• [Exercise brief]
Take each line below that has "Mask" and copy it.

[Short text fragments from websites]
· · · · ·

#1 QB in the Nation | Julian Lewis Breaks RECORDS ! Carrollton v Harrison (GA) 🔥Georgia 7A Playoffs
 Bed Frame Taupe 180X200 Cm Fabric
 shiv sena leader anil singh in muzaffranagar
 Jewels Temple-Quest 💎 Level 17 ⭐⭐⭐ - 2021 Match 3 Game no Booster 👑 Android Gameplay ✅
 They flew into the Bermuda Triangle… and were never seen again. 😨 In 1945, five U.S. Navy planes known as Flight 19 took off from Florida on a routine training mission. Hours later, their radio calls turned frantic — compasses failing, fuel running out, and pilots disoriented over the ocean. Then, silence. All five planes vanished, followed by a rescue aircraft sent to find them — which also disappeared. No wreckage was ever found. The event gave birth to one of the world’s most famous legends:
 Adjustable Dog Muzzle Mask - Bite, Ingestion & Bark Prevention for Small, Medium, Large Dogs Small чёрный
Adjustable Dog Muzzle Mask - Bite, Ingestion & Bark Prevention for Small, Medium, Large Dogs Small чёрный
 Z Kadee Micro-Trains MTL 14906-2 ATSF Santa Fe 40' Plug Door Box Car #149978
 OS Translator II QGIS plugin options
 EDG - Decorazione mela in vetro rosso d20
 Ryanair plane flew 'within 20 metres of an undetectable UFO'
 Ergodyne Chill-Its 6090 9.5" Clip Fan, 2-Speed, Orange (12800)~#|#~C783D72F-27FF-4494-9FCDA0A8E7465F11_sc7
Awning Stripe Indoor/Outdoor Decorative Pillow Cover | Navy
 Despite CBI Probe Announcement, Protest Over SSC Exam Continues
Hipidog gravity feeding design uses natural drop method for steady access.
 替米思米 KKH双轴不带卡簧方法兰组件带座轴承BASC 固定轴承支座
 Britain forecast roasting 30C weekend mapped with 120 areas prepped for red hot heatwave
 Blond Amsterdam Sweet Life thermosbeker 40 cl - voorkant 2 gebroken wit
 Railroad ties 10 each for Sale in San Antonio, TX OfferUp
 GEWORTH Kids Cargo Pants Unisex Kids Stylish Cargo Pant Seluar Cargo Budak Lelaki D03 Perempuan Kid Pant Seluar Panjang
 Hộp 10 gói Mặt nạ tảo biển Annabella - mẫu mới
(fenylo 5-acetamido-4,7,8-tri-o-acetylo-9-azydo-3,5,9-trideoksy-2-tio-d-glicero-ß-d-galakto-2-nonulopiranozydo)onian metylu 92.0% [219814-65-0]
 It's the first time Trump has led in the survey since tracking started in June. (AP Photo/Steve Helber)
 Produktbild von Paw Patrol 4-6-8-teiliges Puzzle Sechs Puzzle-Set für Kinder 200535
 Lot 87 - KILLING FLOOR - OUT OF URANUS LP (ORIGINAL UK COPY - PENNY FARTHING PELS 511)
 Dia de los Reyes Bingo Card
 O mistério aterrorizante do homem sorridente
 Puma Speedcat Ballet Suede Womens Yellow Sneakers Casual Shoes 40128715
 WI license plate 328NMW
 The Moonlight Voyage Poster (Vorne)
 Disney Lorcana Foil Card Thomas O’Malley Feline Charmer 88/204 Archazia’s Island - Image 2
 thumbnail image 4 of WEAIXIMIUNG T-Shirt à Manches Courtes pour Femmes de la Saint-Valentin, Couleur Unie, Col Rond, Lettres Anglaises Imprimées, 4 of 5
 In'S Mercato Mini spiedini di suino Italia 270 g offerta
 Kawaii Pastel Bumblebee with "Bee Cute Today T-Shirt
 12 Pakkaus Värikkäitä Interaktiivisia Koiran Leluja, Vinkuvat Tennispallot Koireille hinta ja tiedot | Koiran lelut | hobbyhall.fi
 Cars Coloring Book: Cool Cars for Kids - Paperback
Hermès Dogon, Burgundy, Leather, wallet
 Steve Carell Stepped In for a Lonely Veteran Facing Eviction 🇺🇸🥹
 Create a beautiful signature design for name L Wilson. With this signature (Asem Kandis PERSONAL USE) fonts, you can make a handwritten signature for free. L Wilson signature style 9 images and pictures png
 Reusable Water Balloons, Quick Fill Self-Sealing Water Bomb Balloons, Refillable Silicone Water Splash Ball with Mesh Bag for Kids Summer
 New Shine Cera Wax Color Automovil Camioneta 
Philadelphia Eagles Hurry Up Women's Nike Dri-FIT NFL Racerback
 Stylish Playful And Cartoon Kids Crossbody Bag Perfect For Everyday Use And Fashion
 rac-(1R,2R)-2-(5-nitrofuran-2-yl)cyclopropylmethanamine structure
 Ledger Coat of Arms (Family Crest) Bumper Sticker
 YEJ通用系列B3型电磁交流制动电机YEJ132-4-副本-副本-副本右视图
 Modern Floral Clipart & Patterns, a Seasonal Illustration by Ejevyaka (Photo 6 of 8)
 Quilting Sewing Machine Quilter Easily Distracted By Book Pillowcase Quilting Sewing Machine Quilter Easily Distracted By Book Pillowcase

· · · · ·

• [Task response]
 Adjustable Dog Muzzle Mask - Bite, Ingestion & Bark Prevention for Small, Medium, Large Dogs Small чёрный
Adjustable Dog Muzzle Mask - Bite, Ingestion & Bark Prevention for Small, Medium, Large Dogs Small чёрный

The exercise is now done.